On the positive side, I proved that I was capable of doing much more at an intellectual level than I was led to believe in my childhood and teen years. However, the application of that intellectual capacity did not extend to self-perception and self-management. In fact, this period was filled with inner turmoil. Erik Erikson cites this period (the seventh life stage) as being one of struggling between what he calls “generativity” and stagnation; one of being torn between self-absorption/self-indulgence and giving oneself to others – particularly to children. To be sure, this was the stage that I believe had the most impact on my thinking today as I prepare for senior citizenship.
My capacity for intellectual pursuits made me a successful management consultant and subsequently, a successful academic advisor and teacher. But my ability to self-manage along with my self-awareness seemed to be diminished during those years. My supposed intellectual skills were overcome by an emotional attachment to money and in retrospect, feelings of insecurity. While obviously not recognizing it at the time, I now perceive myself as having been a hedonistic and needy person.
Today, as I am on the cusp of Erikson’s eighth stage of integrity versus despair, I long to return to the person who perceived the world and his place in it more realistically and with a degree of comfort; a kinder, gentler person whose world is not defined by the material. Is this possible as I travel through my seventies, eighties and (hopefully) nineties? Yes, but only by committing to a life of involvement and commitment in the eighth stage; and this is what I am attempting to do.
I refuse to accept yesterday’s memories as a reminder of the dilemma of old age, i.e. despair versus integrity. If I am to integrate my experiences into making the next 20 to 30 years meaningful, I have to do some work linking what I learned from those years of inner turmoil to what I intend to become. Unlike the middle adult years, older age brings with it the desire and the ability to “be” more than to “do” or to “have”.
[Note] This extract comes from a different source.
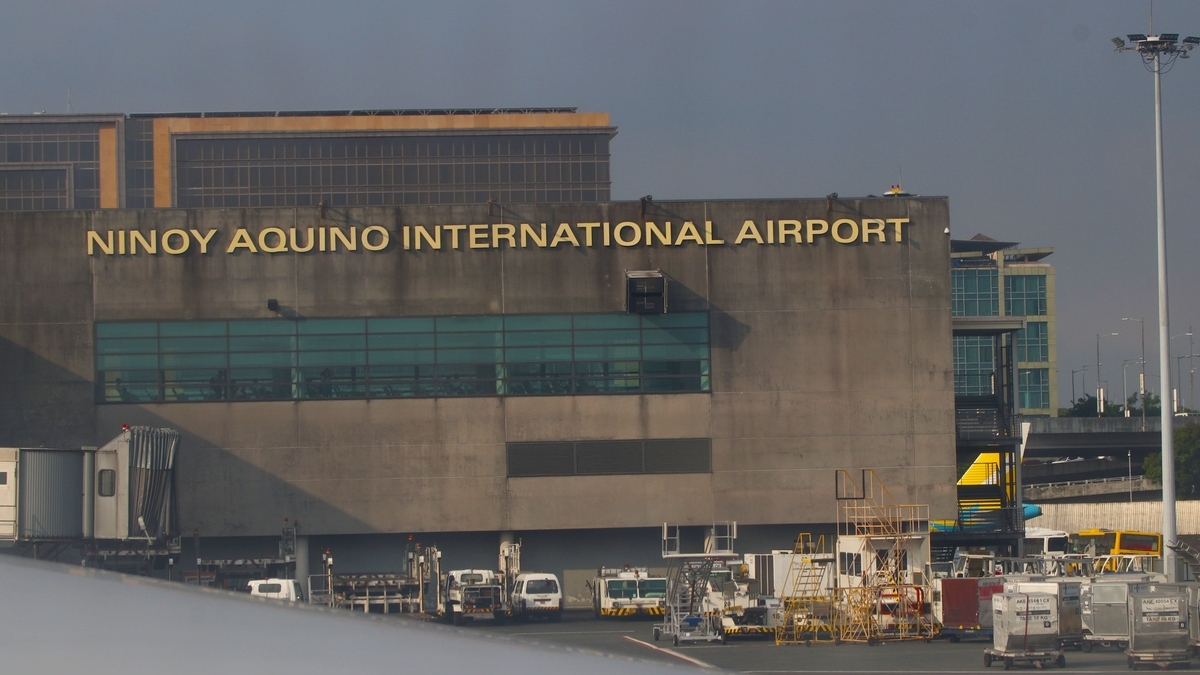 青空の下に佇むニノイ・アキノ国際空港の外観と、手前の敷地に並んでいる複数の白い空港作業用車両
I can now look back on those years between ages 32 and 55 from the vantage point of someone who choses integrity over despair; “generativity” over stagnation. I don’t believe that we stop growing or learning in our old age. Contrary to urban myths, I cannot accept that we become more of the worst of what we were. I am excited about transcending my earlier indignities in this upcoming vibrant period of my life. I must not stop growing, nor should I rest easy in my old age. As long as I am conscious; as long as I have the ability to discern and learn I will return to who I was really meant to be and feel good about it during this eighth stage.